» GIVEN RECORDS
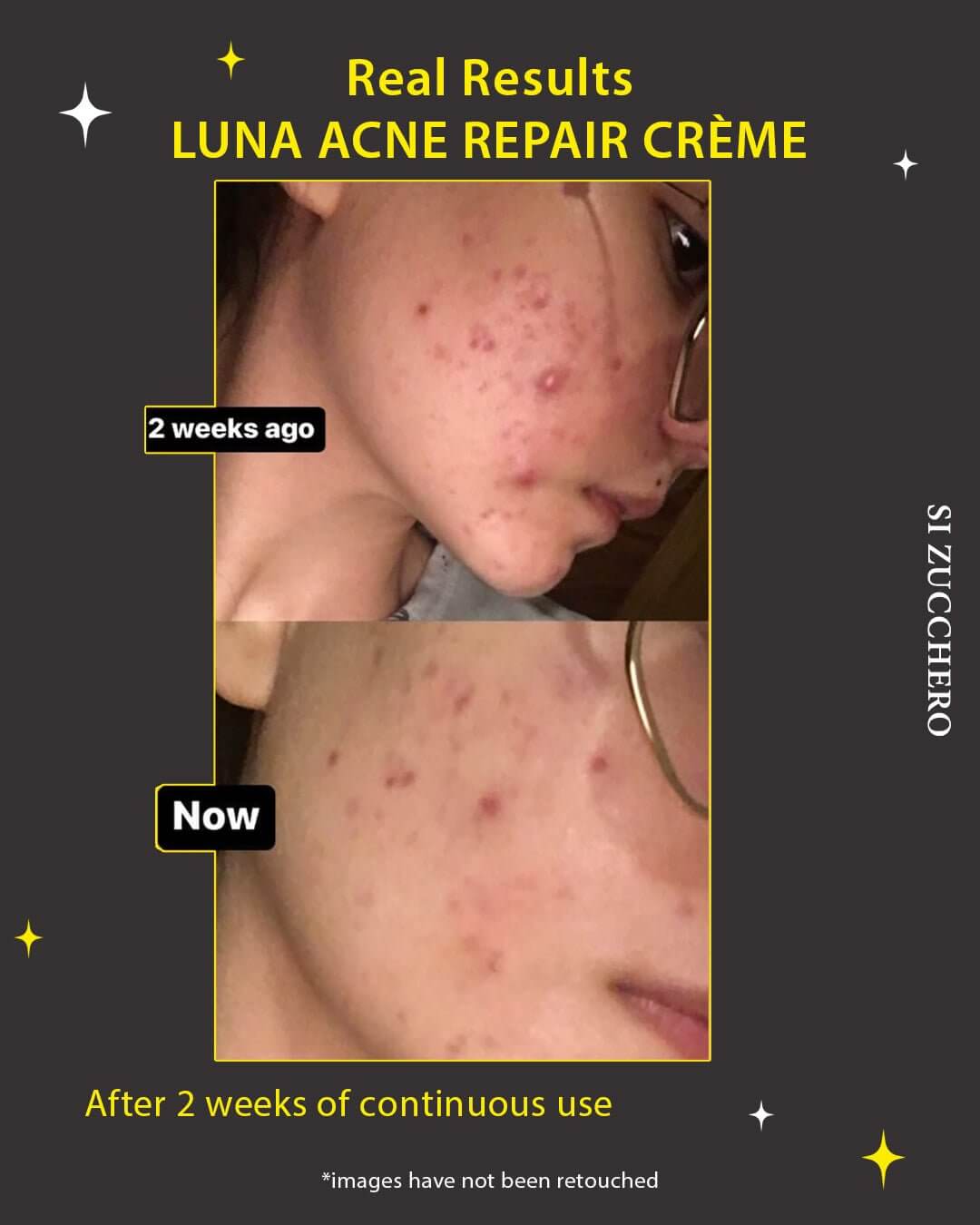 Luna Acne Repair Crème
---
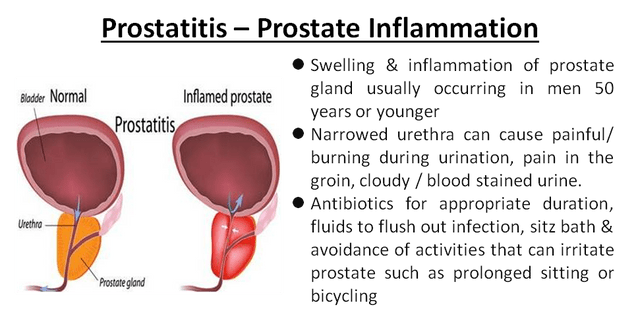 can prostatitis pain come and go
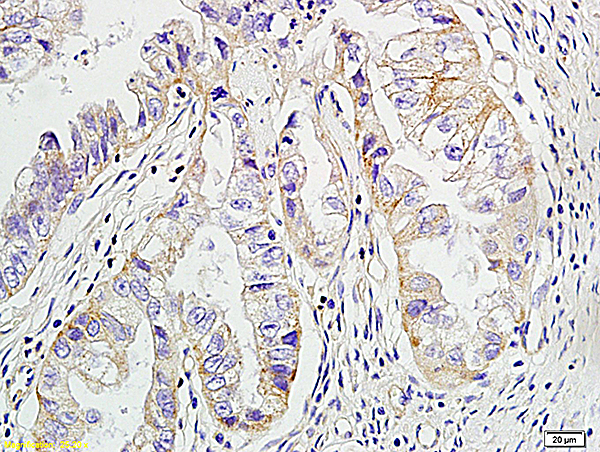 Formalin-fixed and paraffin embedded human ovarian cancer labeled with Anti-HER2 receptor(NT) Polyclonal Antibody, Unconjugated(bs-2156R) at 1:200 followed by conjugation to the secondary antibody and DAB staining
---
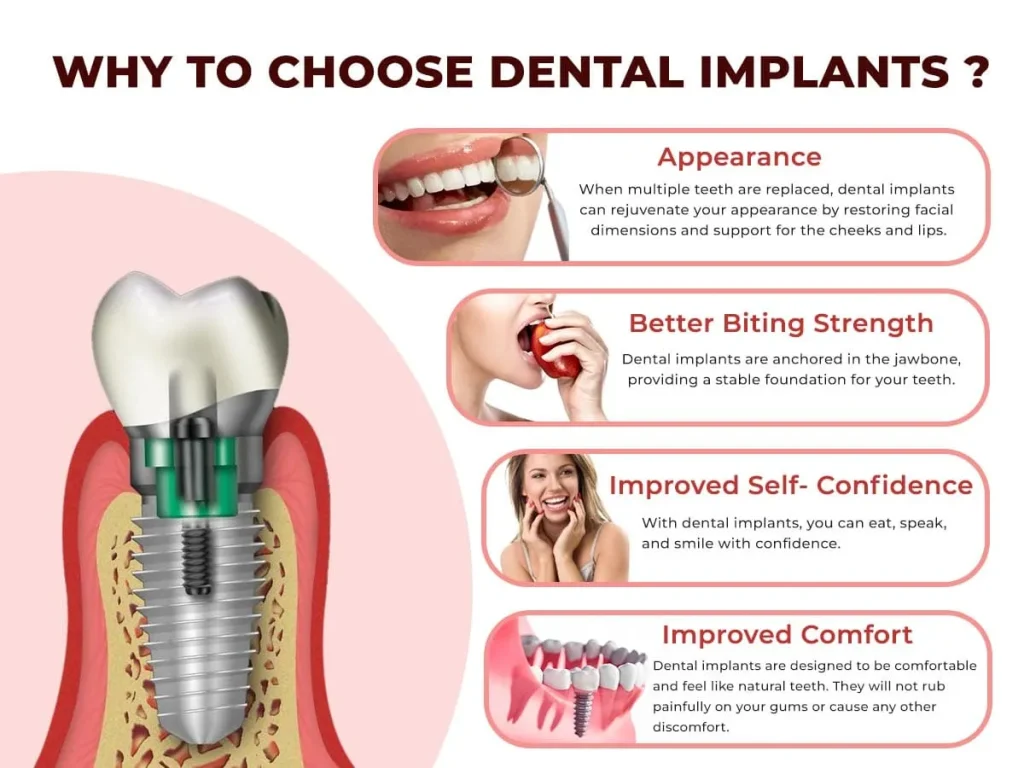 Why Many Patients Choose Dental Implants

» ACTIVITY
Restate word for word the lines of the data above that begin at the line with "can prostatitis pain come and go" and end at the line with "Formalin-fixed and paraffin", keeping both ends and dropping every picture.

» YOUR SOLUTION
 can prostatitis pain come and go
 Formalin-fixed and paraffin embedded human ovarian cancer labeled with Anti-HER2 receptor(NT) Polyclonal Antibody, Unconjugated(bs-2156R) at 1:200 followed by conjugation to the secondary antibody and DAB staining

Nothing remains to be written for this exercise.